The weather this summer has been quite peculiar…yes, it’s been very hot (for us at least, I know it doesn’t compare to those of you in broiling and soupy humid climates).  For comparison, we’ve been at our house at 8,300 feet in the Rockies for 5+ years; it’s never been hotter than 92 degrees (we love it cold!).  As such, no one up here has air-conditioning…there really is not a need for a couple hot days.  This summer, however, we’ve hit over 100 degrees at the house on more than one occasion.  And because we are on a mountainside facing west, we have no trees to offer shade or relief.  Luckily, we have a sunken-in/walk-out basement which stays about 20 degrees cooler than upstairs (not so great when I’ve shivering in the winter, but awesome in the summer).

courtesy of David’s phone ;)

But what’s more peculiar is all the rain we’ve been having.  Most years, I can usually count rainy days on one hand…for the WHOLE year, it’s that dry.   For the past 3 weeks, it’s been raining almost every day, most often in the afternoon when a brooding storm passes by.  Sometimes it’ll rain hard for 10 minutes then stop, but many days it continues to rain…it’s lovely!  It’s so green up here and the fire bans have finally been cancelled and we can go back to grilling – celebration!

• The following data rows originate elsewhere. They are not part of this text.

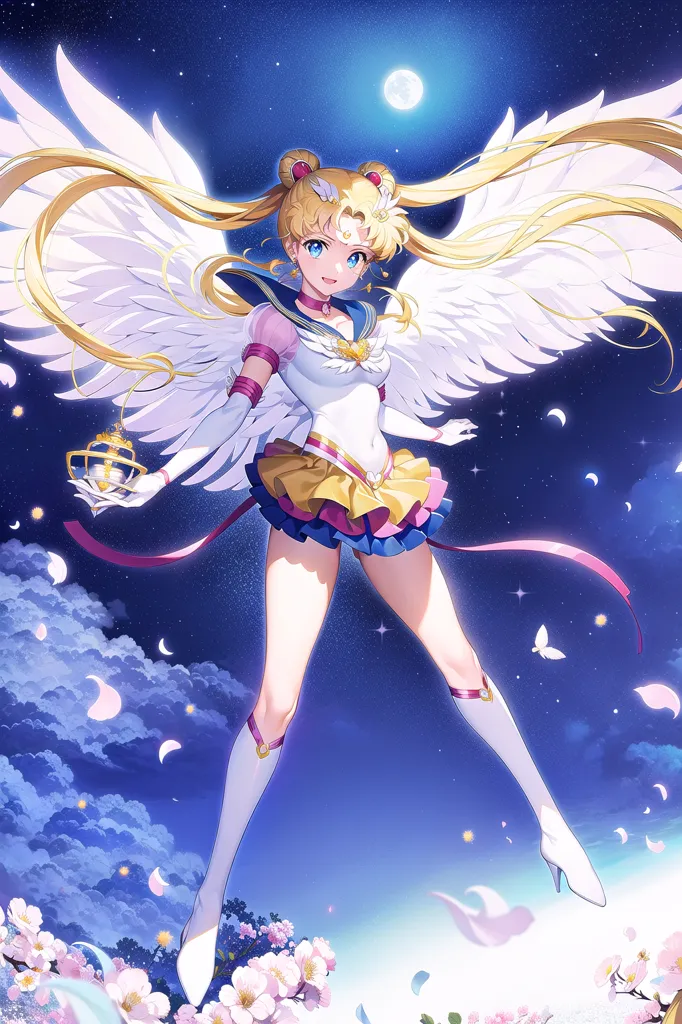 The image shows a young woman with long blonde hair and blue eyes. She is wearing a white and yellow leotard with a pink skirt and has a large pink bow in her hair. She also has white wings and is surrounded by pink and white flowers. The background is a dark blue night sky with a full moon. She is holding a golden scepter in her right hand.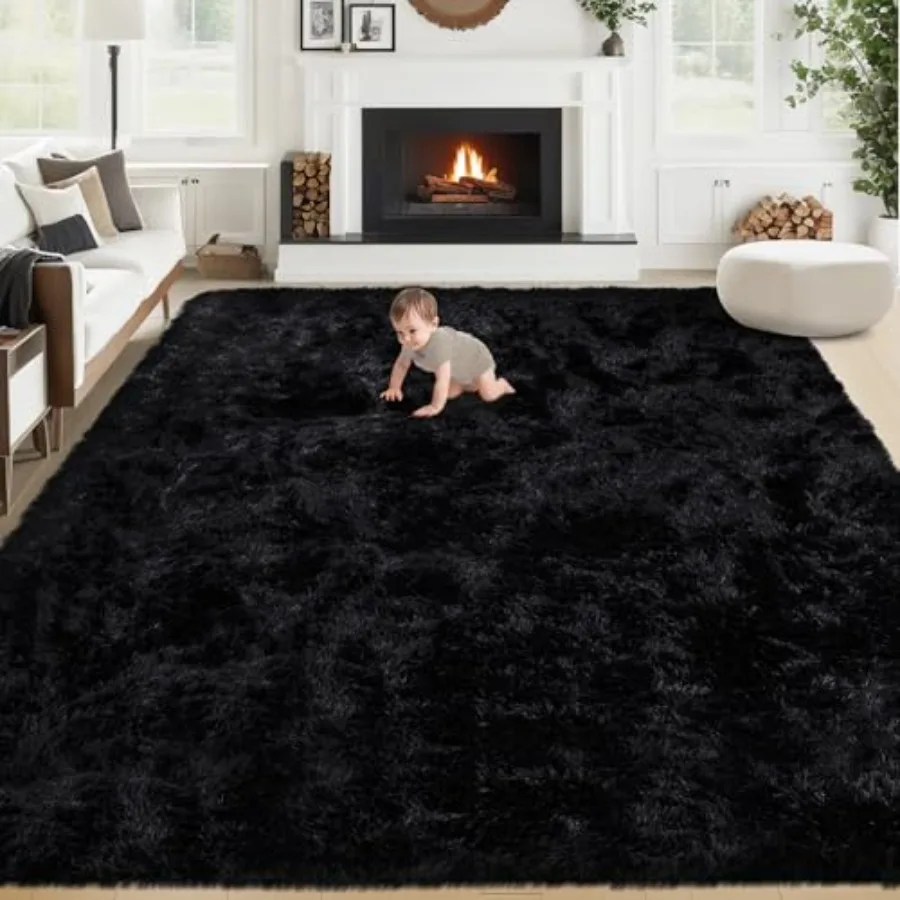 

Living room 8x10 area rug: fluffy shag soft washable fuzzy plush indoor carpet for bedroom nursery playroom kids rooms black, 8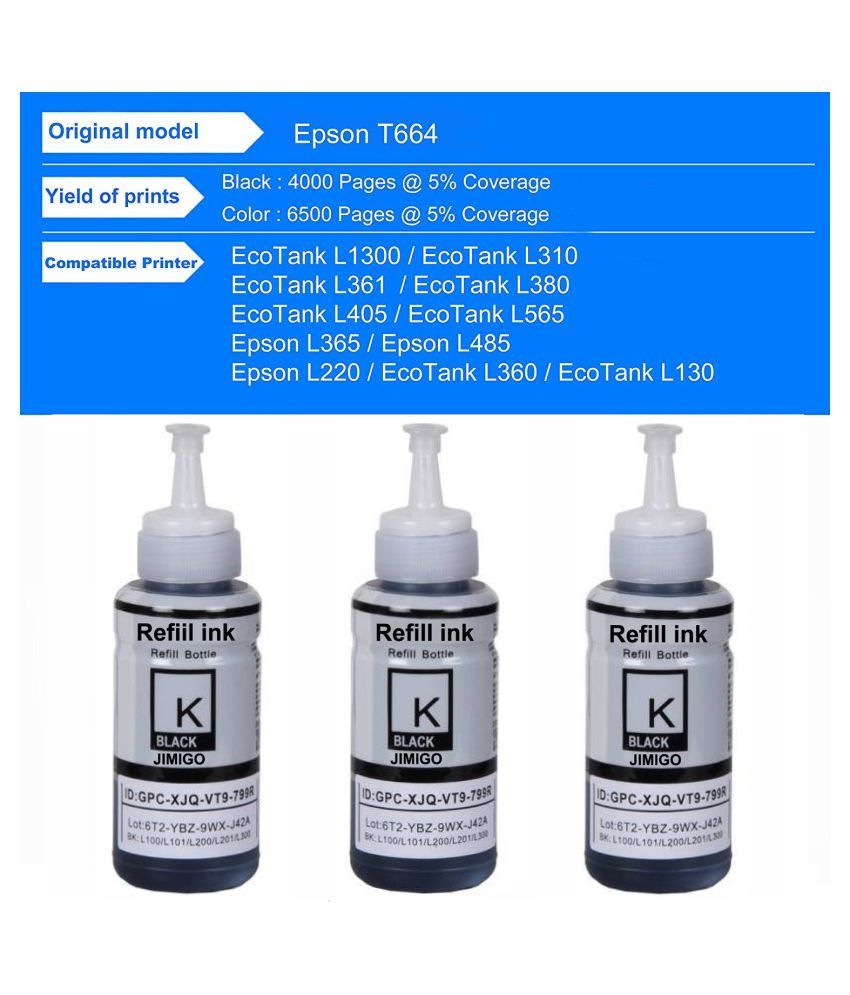 JIMIGO FOR EPSON L365 L380 Black Pack of 3 Ink bottle for Refill ink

Now many of these storms bring hail…we’re so used to it that we pay no attention, but this past week it got loud real quick and I knew this was a bigger hailstorm than usual.  Pea-sized turned to marble sized turned to these:

It was slamming the house so hard I swore a window would break and surely our car would be all busted up, but to our surprise, no damage!

Then last Sunday, a tornado was seen at Mt. Evans (which has the highest paved road in North America and about 15 miles from us – as the crow flies).  And it was only 40 degrees at the summit!

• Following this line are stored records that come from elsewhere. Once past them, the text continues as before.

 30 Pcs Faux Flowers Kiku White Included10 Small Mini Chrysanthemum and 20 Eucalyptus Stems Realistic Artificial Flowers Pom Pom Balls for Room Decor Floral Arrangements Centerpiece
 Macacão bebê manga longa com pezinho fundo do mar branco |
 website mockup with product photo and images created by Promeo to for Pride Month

Photo credit Michelle Ingle via Examiner.com

Just two weeks prior, my youngest niece and I made the trek to the summit…

About 4 years ago, when my parents were visiting, we took the trek up and it was so stormy that when we got to the very top of the summit to take pictures, everyone’s hair stood on end (meaning we were all sending a charge up to the sky for an imminent lightning strike if we didn’t get down fast!).  My crazy father, insistent on getting a photo on the highest rock at the top raised his hands up for a grand photo and said he could feel a static charge in his armpits!  All the other visitors at the top thought it was so “neat” – I was insistent on getting the hell out of there!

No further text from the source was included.